Income in Units of Energy
On this basis our distribution then becomes foolproof and incredibly simple. We keep our records of the physical costs of production in terms of the amount of extraneous energy degraded. We set industrial production arbitrarily at a rate equal to the saturation of the physical capacity of our public to consume. We distribute purchasing power in the form of energy certificates to the public, the amount issued to each being equivalent to his pro rata share of the energy-cost of the consumer goods and services to be produced during the balanced-load period for which the certificates are issued. These certificates bear the identification of the person to whom issued and are non negotiable. They resemble a bank check in that they bear no face denomination, this being entered at the time of spending. They are surrendered upon the purchase of goods or services at any center of distribution and are permanently canceled, becoming entries in a uniform accounting system. Being nonnegotiable they cannot be lost, stolen, gambled, or given away because they are invalid in the hands of any person other than the one to whom issued. If lost, like a bank checkbook, new ones may be had for the asking. Neither can they be saved because they become void at the termination of the two-year period for which they are issued. They can only be spent. Contrary to the Price System rules, the purchasing power of an individual is no longer based upon the fallacious premise that a man is being paid in proportion to the so-called 'value' of his work (since it is a physical fact that what he receives is greatly in excess of his individual effort) but upon the equal pro rata division of the net energy degraded in the production of consumer goods and services.
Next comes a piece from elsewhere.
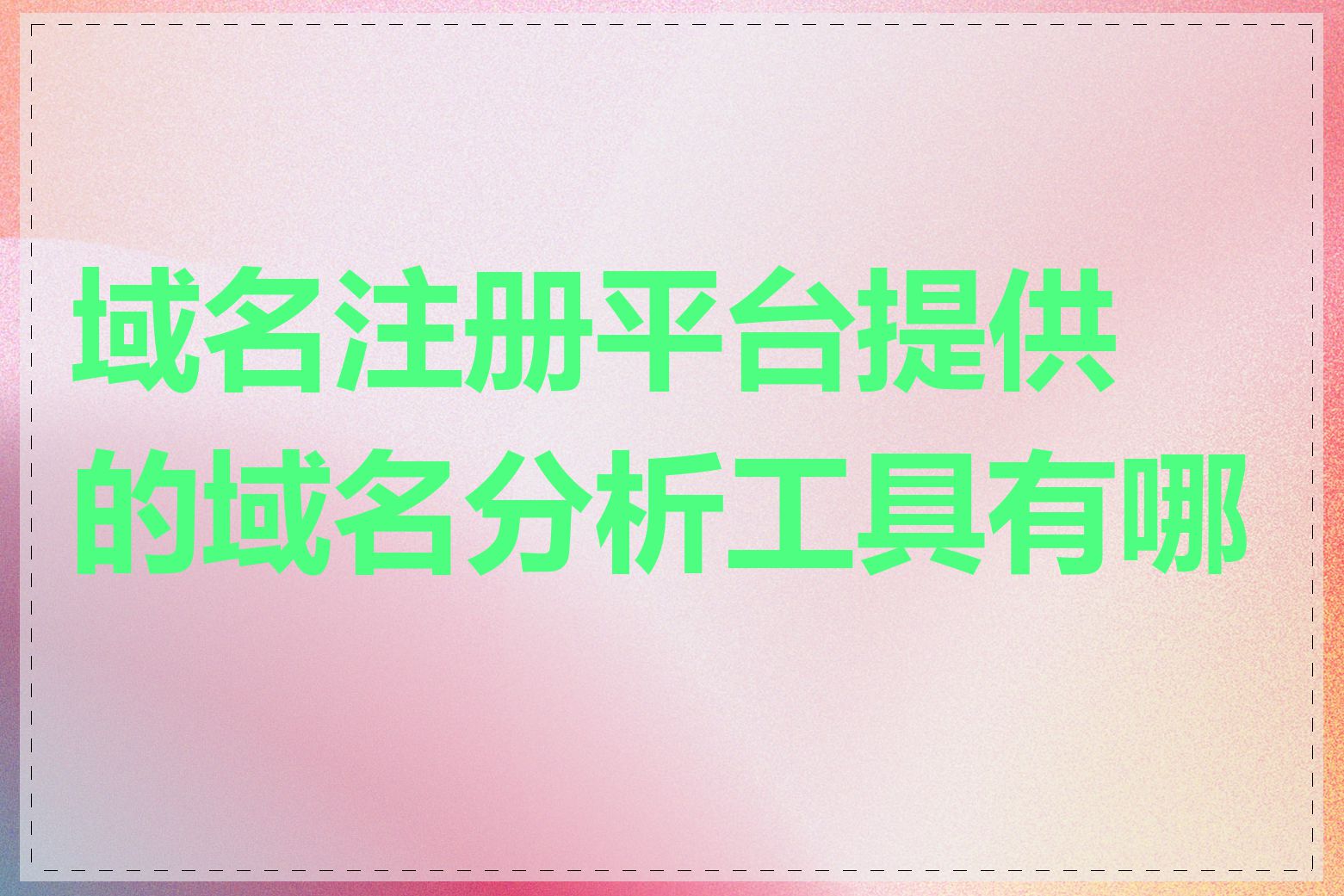 域名注册平台提供的域名分析工具有哪些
In this manner the income of an individual is in nowise dependent upon the nature of his work, and we are then left free to reduce the working hours of our population to as low a level as technological advancement will allow, without in any manner jeopardizing the national or individual income, and without the slightest unemployment problem or poverty. "
Hubbert goes on to state that following a transition the work required of each individual, need be no longer than about 4 hours per day, 164 days per year, from the ages of 25 to 45. Income will continue until death. "Insecurity of old age is abolished and both saving and insurance become unnecessary and impossible."